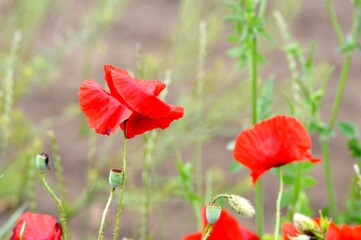 red poppies in the grass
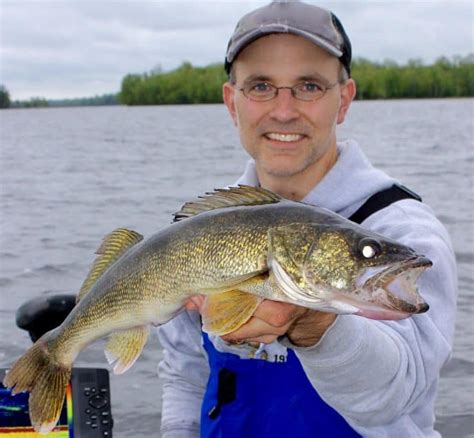 Spring Time Walleye 的图像结果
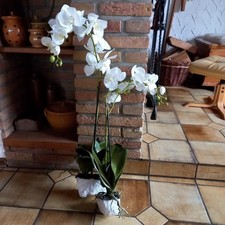 Orchideen weiß kunststoff - 2,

* [Exercise description]:
Set down the data above verbatim, omitting every image.

* [Solved exercise]:
 red poppies in the grass
 Spring Time Walleye 的图像结果
 Orchideen weiß kunststoff - 2,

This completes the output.